Question 320785
Let the width of the path be x feet.
The plan is to express the area of the garden with the border in terms of x, then subtract the area of just the garden.  This will result in a quadratic equation in x which you solve by any of the appropriate methods available to you.

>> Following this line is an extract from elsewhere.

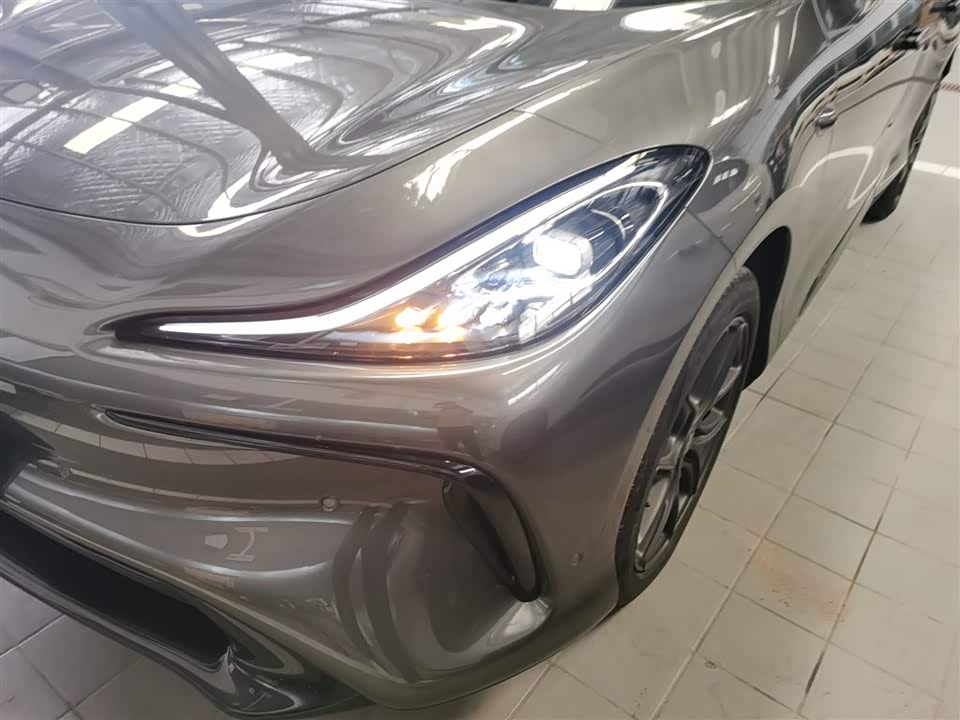 IM Motors Zhiji LS6 IM Motors Zhiji LS6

The area of the garden with border {{{A[1]}}} can be expressed as:
{{{A[1] = (30+2x)(20+2x)}}} Simplify this to:
{{{A[1] = 4x^2+100x+600}}}
The area of just the garden {{{A[2]}}} is:
{{{A[2] = (20)*(30)}}}
{{{A[2] = 600}}}sq.ft.
Now subtract {{{A[2]}}} from {{{A[1]}}}.
{{{A[1] - A[2] = 4x^2+100x}}} This is the area of the border of width x ft. which is given as 336 sq.ft., so...
{{{4x^2+100x = 336}}} Subtract 336 from both sides.
{{{4x^2+100x-336 = 0}}} Simplify by factoring out a 4.
{{{4(x^2+25x-84) = 0}}} ...and from the zero product rule, you get that:
{{{x^2+25x-84 = 0}}} You can solve this by factoring and you should get:
{{{x = 3}}} or {{{x = -28}}} 
The width cannot be a negative quantity, so the width must be 3 feet.